**REQUIRED WORK:** Would you please return the data below verbatim, without its pictures?

START PROVIDED MATERIAL

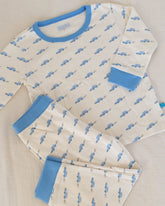 Riley Pajama Set in Beep Beep Pajama Sets Cozyland 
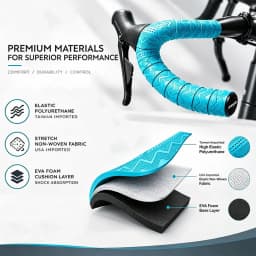 SEER Road Bike Handlebar Tape EVA Thick Soft & Anti-Slip Comfortable Shockproof Bike Grip Tape for Handlebars Bicycle Accessorie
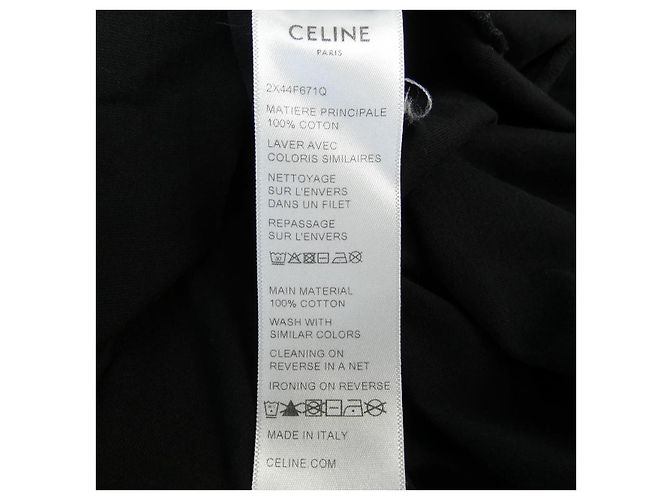 Céline CELINE T-shirt in cotone Nero - vista 3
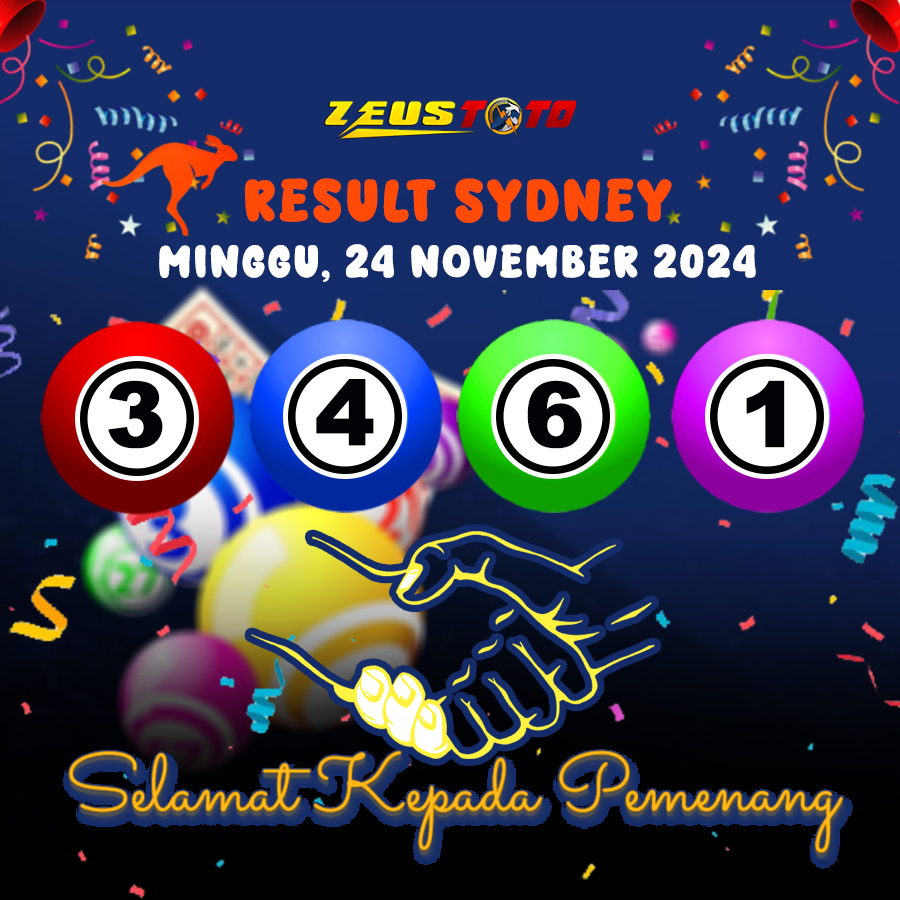 RESULT SYDNEY HARI INI MINGGU 24 NOVEMBER 2024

END PROVIDED MATERIAL

**ANSWER SECTION:**
 Riley Pajama Set in Beep Beep Pajama Sets Cozyland 
 SEER Road Bike Handlebar Tape EVA Thick Soft & Anti-Slip Comfortable Shockproof Bike Grip Tape for Handlebars Bicycle Accessorie
 Céline CELINE T-shirt in cotone Nero - vista 3
 RESULT SYDNEY HARI INI MINGGU 24 NOVEMBER 2024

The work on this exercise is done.